Dacomitinib is a pan-human EGFR (EGFR/HER1, HER2 and HER4) inhibitor, with activity against mutated EGFR with deletions in exon 19 or L858R substitution in exon 21.
Previous research has shown that dacomitinib significantly improves progression-free survival (PFS) over gefitinib in first-line treatment of patients with EGFR-mutation-positive NSCLC.

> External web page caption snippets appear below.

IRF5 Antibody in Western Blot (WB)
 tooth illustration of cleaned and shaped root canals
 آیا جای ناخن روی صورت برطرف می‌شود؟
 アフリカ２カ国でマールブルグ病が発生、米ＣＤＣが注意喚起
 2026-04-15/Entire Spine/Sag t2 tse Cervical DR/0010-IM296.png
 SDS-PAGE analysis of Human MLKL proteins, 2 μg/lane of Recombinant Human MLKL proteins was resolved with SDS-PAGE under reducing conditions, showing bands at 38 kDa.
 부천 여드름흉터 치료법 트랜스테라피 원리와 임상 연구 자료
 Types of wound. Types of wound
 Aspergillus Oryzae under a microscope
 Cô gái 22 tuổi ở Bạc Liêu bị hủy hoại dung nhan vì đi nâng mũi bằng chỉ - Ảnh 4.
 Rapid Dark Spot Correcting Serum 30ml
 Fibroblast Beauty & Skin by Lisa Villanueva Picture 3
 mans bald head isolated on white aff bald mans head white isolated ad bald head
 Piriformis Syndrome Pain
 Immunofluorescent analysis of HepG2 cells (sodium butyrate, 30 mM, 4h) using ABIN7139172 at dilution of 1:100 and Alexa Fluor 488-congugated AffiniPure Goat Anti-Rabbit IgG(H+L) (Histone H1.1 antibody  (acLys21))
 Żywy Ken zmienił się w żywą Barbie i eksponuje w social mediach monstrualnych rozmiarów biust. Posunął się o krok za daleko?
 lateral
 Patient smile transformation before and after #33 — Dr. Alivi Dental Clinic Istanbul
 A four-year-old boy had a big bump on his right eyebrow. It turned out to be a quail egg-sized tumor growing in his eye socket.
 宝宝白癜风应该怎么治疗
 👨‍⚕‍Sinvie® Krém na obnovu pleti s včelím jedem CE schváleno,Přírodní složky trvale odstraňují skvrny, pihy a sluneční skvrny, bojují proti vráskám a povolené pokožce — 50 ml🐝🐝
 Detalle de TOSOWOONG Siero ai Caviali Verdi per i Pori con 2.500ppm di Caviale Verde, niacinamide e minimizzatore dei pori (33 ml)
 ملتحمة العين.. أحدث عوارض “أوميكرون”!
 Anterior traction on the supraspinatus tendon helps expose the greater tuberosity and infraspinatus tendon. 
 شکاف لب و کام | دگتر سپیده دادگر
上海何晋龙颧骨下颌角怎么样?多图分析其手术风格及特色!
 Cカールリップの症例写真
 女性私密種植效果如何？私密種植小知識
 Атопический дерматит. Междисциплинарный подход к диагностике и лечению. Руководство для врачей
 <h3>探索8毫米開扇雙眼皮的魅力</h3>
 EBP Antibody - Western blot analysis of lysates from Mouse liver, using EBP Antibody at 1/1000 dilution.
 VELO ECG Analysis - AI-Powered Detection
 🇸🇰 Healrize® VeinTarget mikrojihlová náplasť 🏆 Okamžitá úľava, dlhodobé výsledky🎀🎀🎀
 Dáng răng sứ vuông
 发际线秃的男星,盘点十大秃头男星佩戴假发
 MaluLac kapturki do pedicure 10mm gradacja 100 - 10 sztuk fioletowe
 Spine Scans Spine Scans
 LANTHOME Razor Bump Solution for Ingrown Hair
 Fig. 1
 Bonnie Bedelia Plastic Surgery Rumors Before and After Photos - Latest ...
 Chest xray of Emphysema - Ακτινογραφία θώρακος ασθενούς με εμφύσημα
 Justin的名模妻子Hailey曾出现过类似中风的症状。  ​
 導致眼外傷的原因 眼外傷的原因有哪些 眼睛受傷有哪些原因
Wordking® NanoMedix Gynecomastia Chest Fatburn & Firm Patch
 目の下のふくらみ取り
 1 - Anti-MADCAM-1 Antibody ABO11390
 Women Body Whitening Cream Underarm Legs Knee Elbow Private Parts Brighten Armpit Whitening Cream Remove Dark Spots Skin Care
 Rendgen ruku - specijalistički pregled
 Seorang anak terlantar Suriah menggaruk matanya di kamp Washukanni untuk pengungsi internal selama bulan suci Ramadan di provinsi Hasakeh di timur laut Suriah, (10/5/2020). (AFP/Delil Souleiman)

In the international, multi-centre, phase 3 ARCHER 1050 study, at a median follow-up of 22.1 months, median PFS was 14.7 months (95% CI 11.1-16.6) in the dacomitinib group and 9.2 months (95% CI 9.1-11.0) in the gefitinib group (hazard ratio 0.59; 95% CI 0.47-0.74; P<.0001>
The most common grade 3-4 adverse events were dermatitis acneiform (14% of the dacomitinib group vs 0% of the gefitinib group), diarrhoea (8% vs 1%) and raised alanine aminotransferase levels (1% vs 8%).
Detailed recommendations for the use of dacomitinib will be published in the European public assessment report (EPAR) and made available in all official European Union languages after the marketing authorisation has been granted by the European Commission.